Renault, Kia, Hyundai: Manufacturers Most Dependent On Russia

The French group Renault and South Korean group, Kia Motors will be the most affected global automakers in a situation where the West decides to impose sanctions to punish Russia for its role in the Crimea crisis, shows an analysis made by Bloomberg.

Last year, Russia was responsible for 8 percent of the vehicles sold by the Renault group, the highest percentage among foreign carmakers. In second place we find Kia, 7.2 percent, followed by Hyundai with 3.8 percent.

The President of Russia, Vladimir Putin, is blamed for raising tensions in Crimea and eastern Ukraine after deploying troops, and supported the peninsula’s vote to secede from Ukraine, a vote most of the world does not recognize. 

Russia’s economy, already in a fragile position, could fall into recession amid foreign automobile manufacturers dropping output. The decline could be even higher if the European Union and the United States will add penalties to the already announced travel bans and assets freeze.
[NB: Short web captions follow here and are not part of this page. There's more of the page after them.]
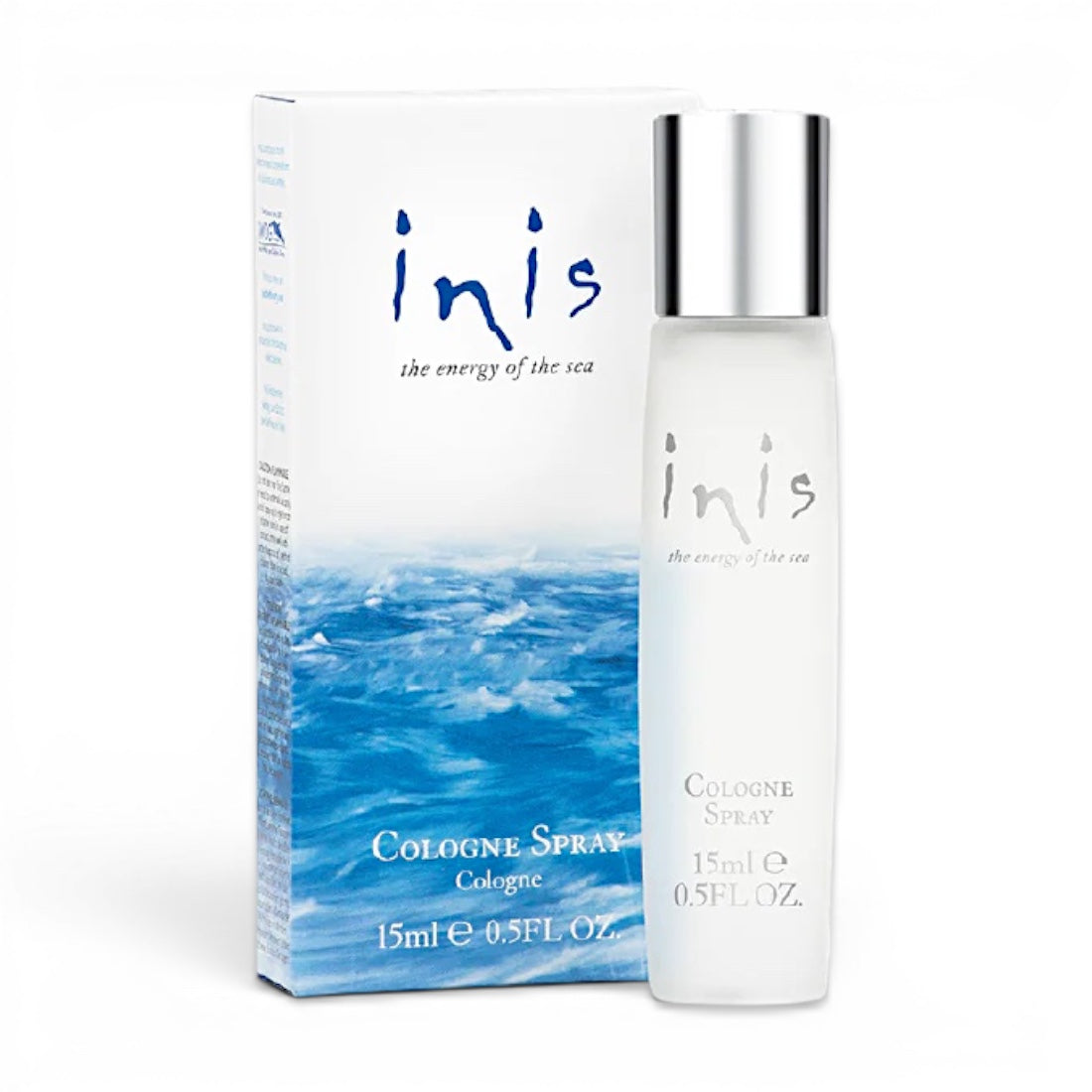 Inis the Energy of the Sea travel cologne spray 15ml with citrus, marine notes, bergamot, sandalwood, and fresh ocean fragrance
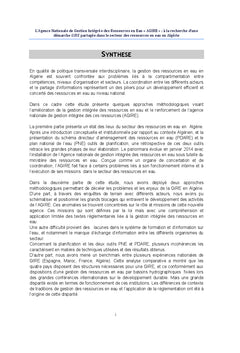 L'AGIRe Algerie A la recherche d'une demarche participative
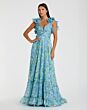 Mac Duggal 67803 Ruffle Top Floral Dress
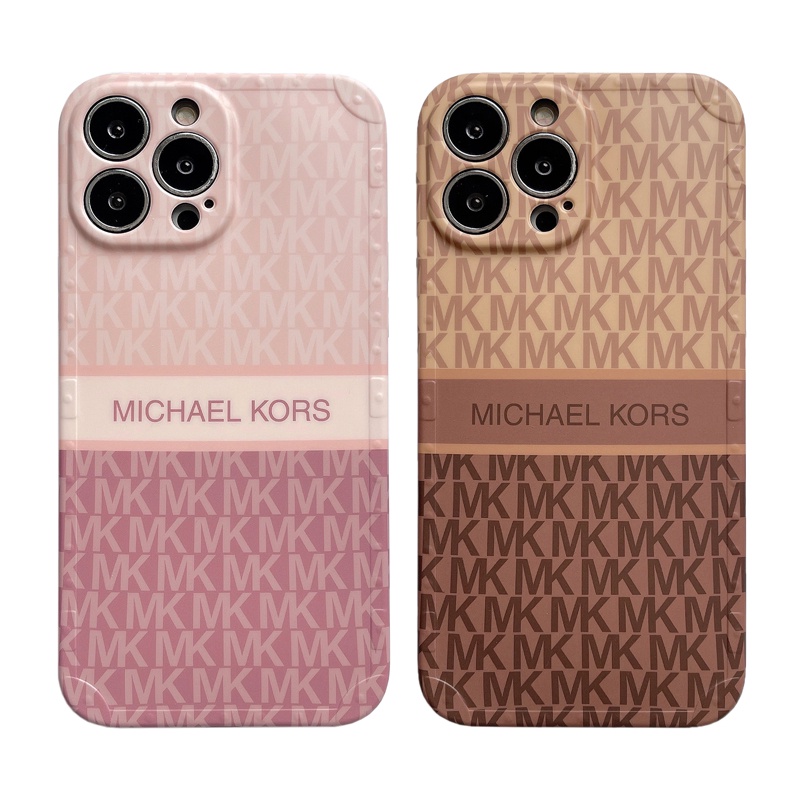 Fashion Retro Matte MK KORS Stitching Cartoon Shockproof Soft Shell Phone Case For iPhone 15 14 13 12 11 Pro Max iPhone11 12Pro 13Pro 13ProMax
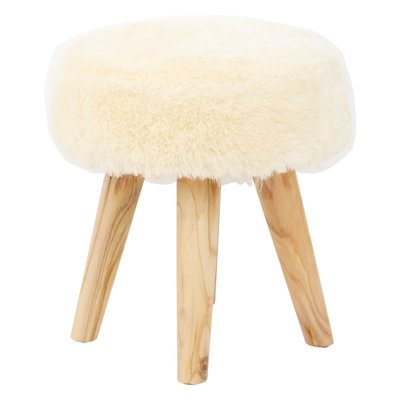 Raine Solid Wood Accent Stool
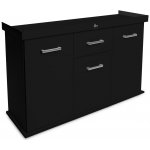 Diversa stolek Solid 100 x 50 x 75 cm rovný, černý – Zboží Dáma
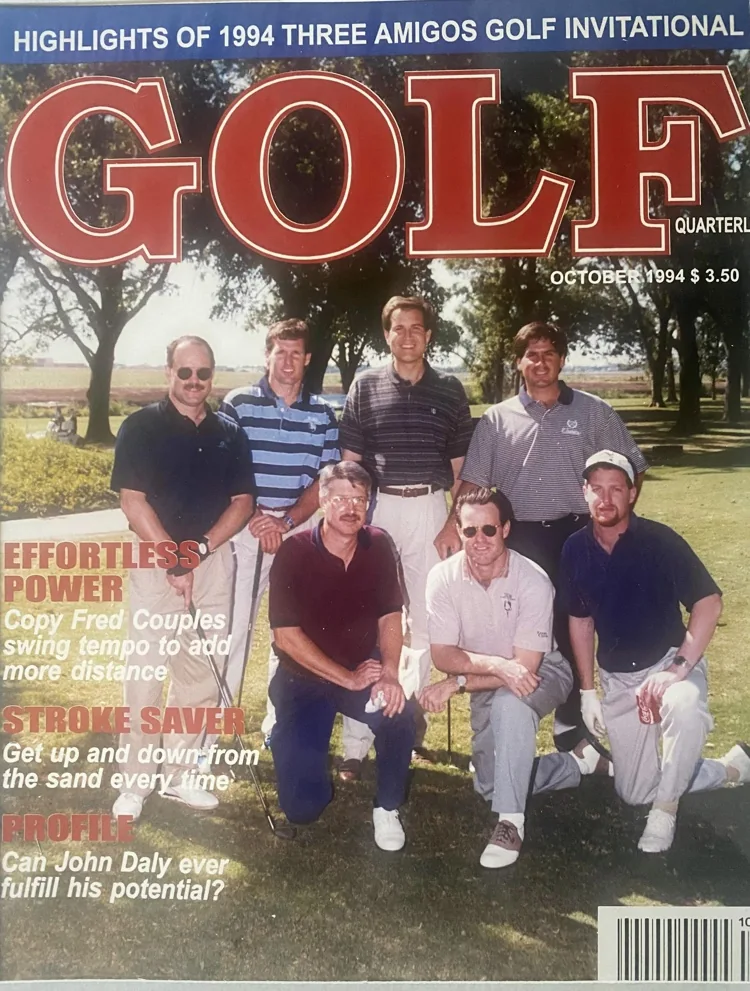 GOLF Quarterly, October 1994, featuring highlights of the Three Amigos Golf Invitational.
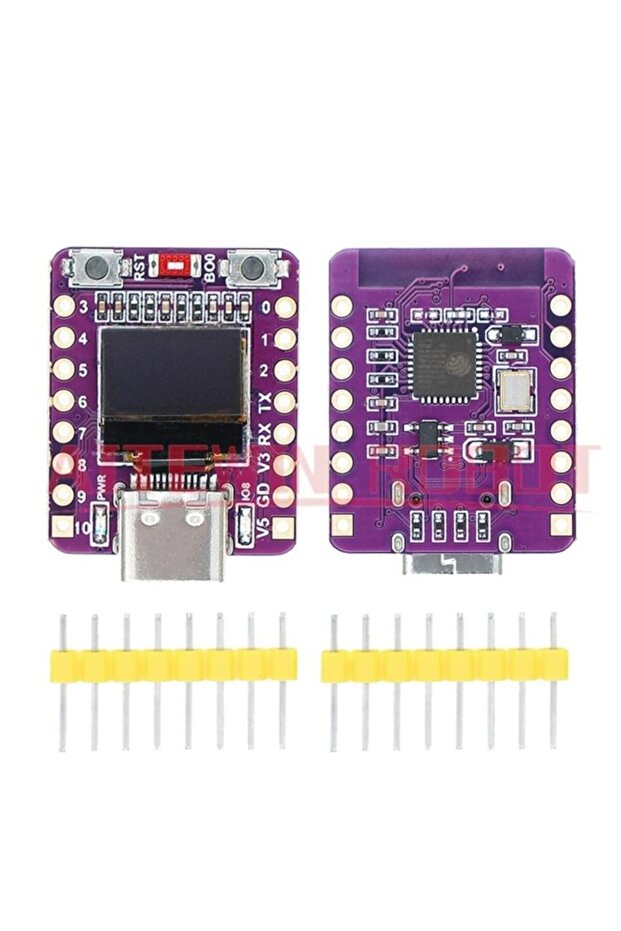 لوحة تطوير ESP32-C3 OLED مع وحدة OLED مقاس 0.42 بوصة هوائي سيراميكي لوحة تطوير ESP32 Supermini... - 7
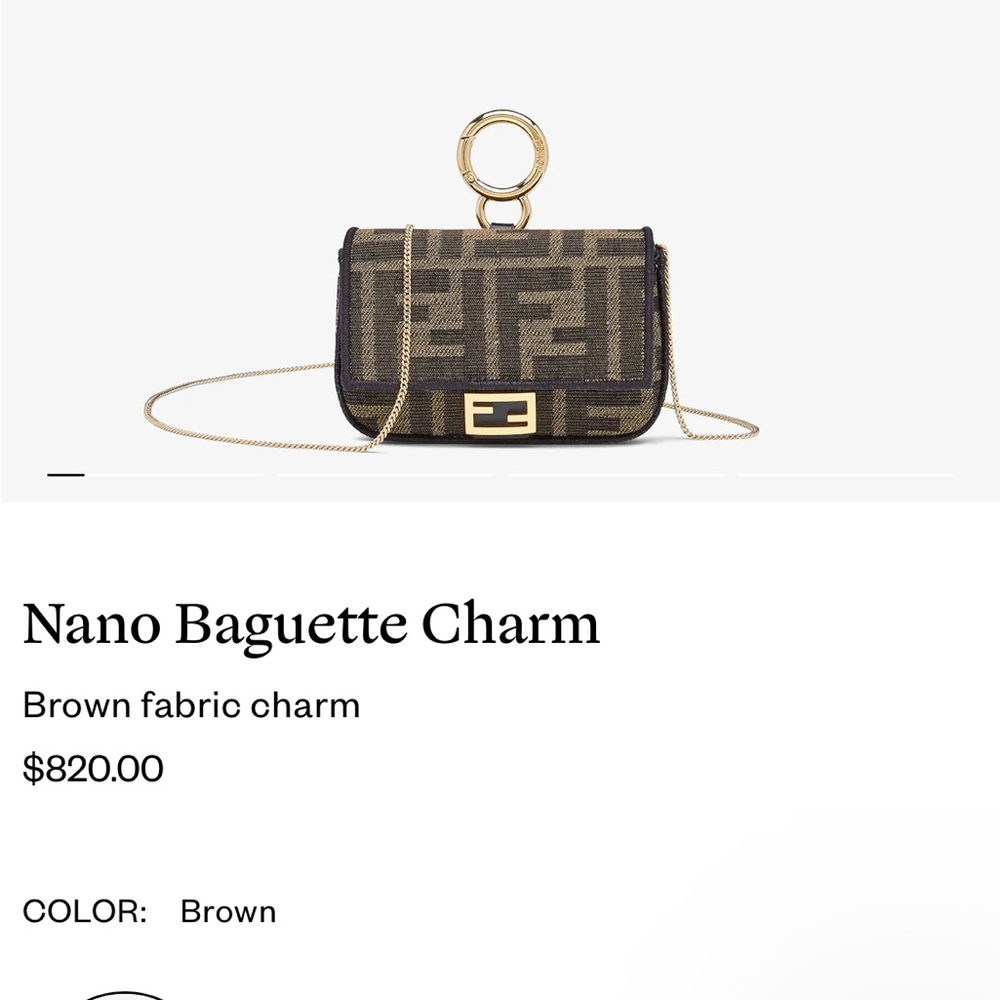 Fendi Nani baguette. Still in stores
“The main risk is in the sanctions that have not been announced,” says Nataliya Orlova, chief economist at Alfa Bank in Moscow. “It’s hard to estimate the effect right now because we don’t know what they will be.”

“With regard to direct exposure, Renault is probably the most dependent and the market is highly profitable for them. It would really have a meaningful impact on earnings” stated Sascha Gommel, automotive analyst at Commerzbank in London.

Sascha Gommel estimates that the sales of cars in Russia could see a single digit fall this year too.

The Russian car market recorded a decrease of 4 percent in the first two months of the year and a contraction of 5.5 percent in 2013, after three years of growth.

For a population of 142 million people, Russians bought 2.78 million cars last year, compared to 2.95 million in Germany, the largest car market in Europe, which has a population of approximately 80 million people.

The ability of car manufacturers like Renault, who have assembly plants in Russia, to face a complete embargo will depend on the percentage of local produced components which could reduce revenue loss by avoiding currency fluctuations and supply disruptions, contributed Barclays Bank analyst Kristina Church.

In January, the first place among the best selling cars in Russia was Lada Granta (with 8,255 units), manufactured by AvtoVAZ. In third place, with 5,590 units, was the Duster, ninth place with 3,004 units was the Logan, while number 11 was occupied by the Sandero, with 2,795 units. The Duster, Logan and Sandero are all manufactured by Renault.

The Renault-Nissan Alliance will take over later this year control of AvtoVAZ, the largest car manufacturer in Russia. Together, Renault, Nissan and AvtoVAZ control 30 percent of the car market in Russia. The goal set by Director General Carlos Ghosn is to achieve a market share of 40 percent in 2016.

‘’But even if outright trade embargoes are avoided, the risk of possible sanctions is itself damaging. Investing or lending in Russia will carry higher risks, investment decisions will be delayed and investors will feel inclined to keep on selling stocks”, Charlie Robertson, analyst at Renaissance Capital in London.